How can society ensure that financial markets channel funds into sustainable investments and assets that tackle climate change? Islamic finance has some answers.
Traditional market finance is supposed to be the best way of pricing risk. But there can be many costs – so-called externalities – that are not captured by market prices.
If a firm produces poor quality baby food, for example, that can be a heavy burden for others. The firm, however, may not pay for any of those costs unless regulators and legislators step in.
The costs of climate change are another example of what many would see as market failure. Private investors often have little interest in protecting public goods like clean air and water.
Thomas Helbling of the IMF has said that “environmental issues often face a collective action problem”. But is there any way for private markets to try to tackle that?
Islamic finance is ethical and sustainable
“Ethical finance is fundamental to what Islamic finance represents.” That’s the view of Dr Scott Levy, CEO of Bedford Row, who was speaking at the IFN UK Islamic Forum in early December 2020.
Levy argued that in not learning from Islamic finance, markets had missed an opportunity. “Islamic finance is almost what sustainable investment and ESG investing is catching up with.”
However, there is still limited demand for Islamic assets.
What’s the future for Islamic finance?
Could the absence of commonly agreed and recognised standards be holding Islamic finance back?
Whether or not an asset is Shari’ah compliant can, in some regions, depend on an Islamic scholar’s interpretation. That increases the risk of unexpected defaults.
Razvan Dumitrescu, of the European Bank for Reconstruction and Development (EBRD), said the issue was lack of simplicity.
“If you think that your peer issued a Eurobond, it may be easier to go with something fast.

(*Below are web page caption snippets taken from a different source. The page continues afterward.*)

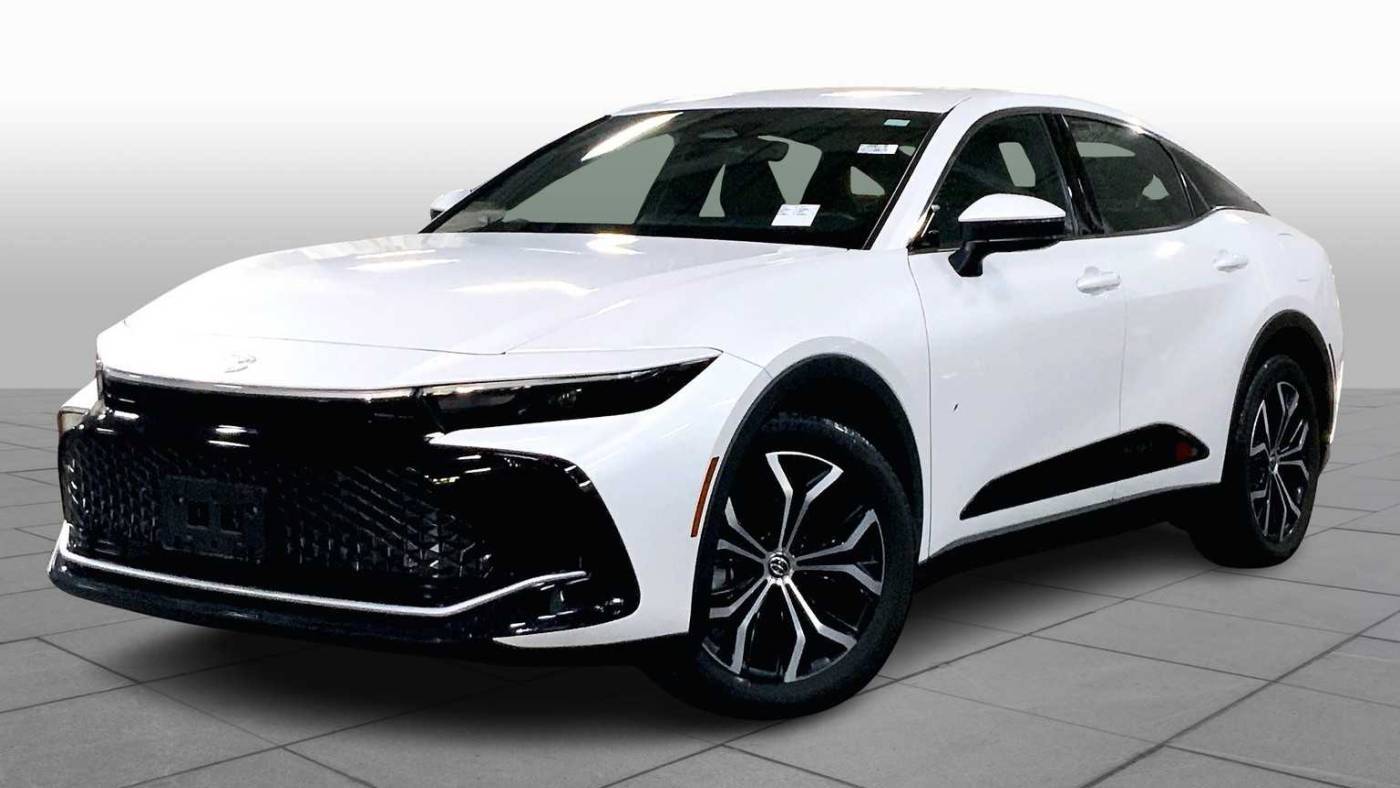 2023 Toyota Crown XLE — Sedan — 19,114 mi — Danvers, MA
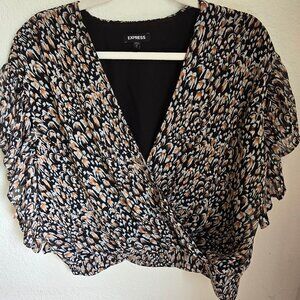 Express Deep V Patterned Cropped Blouse Size Medium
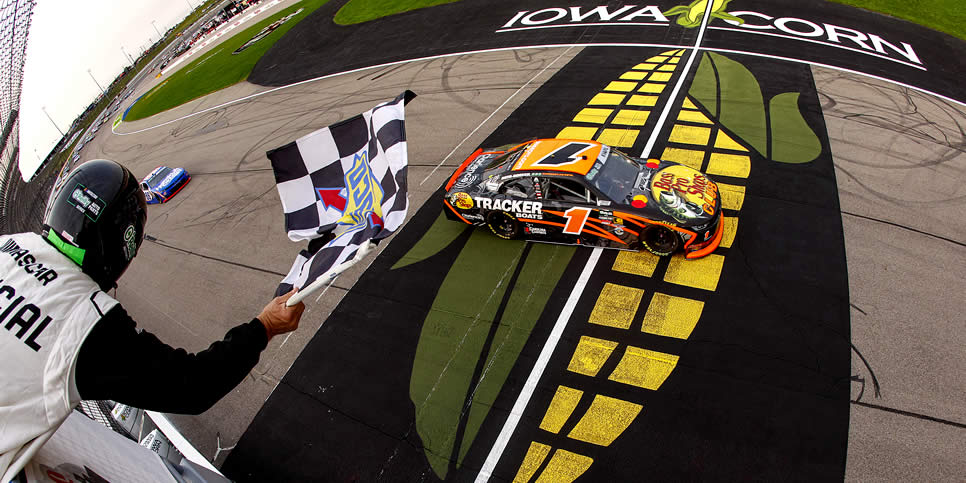 Carson Kvapil takes the checkered flag to win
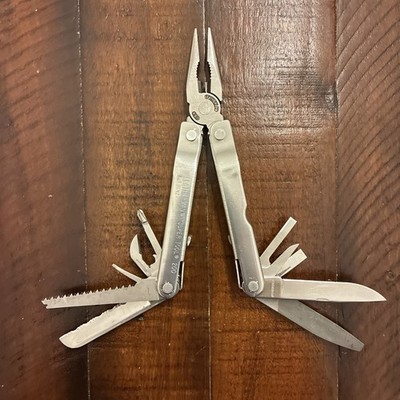 Leatherman Super Tool 200 Pat Pend Multi-Tool 09/01 - First Year - Excellent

You know the investor pool is there and sometimes it is also about overall pricing. When there is a bit of a distressed situation, clients start looking more at short-term.”
Dumitrescu added that people are starting to converge on best practices and to build case studies.
Scott Levy argued that the best way forward for Islamic finance was to focus on the outcomes and impacts.
“Institutional investors can measure and value risk,” he said.
“We need to lower some of the barriers created by overcomplication. Put the risks and rewards in front of them, and let them make the appropriate decisions.”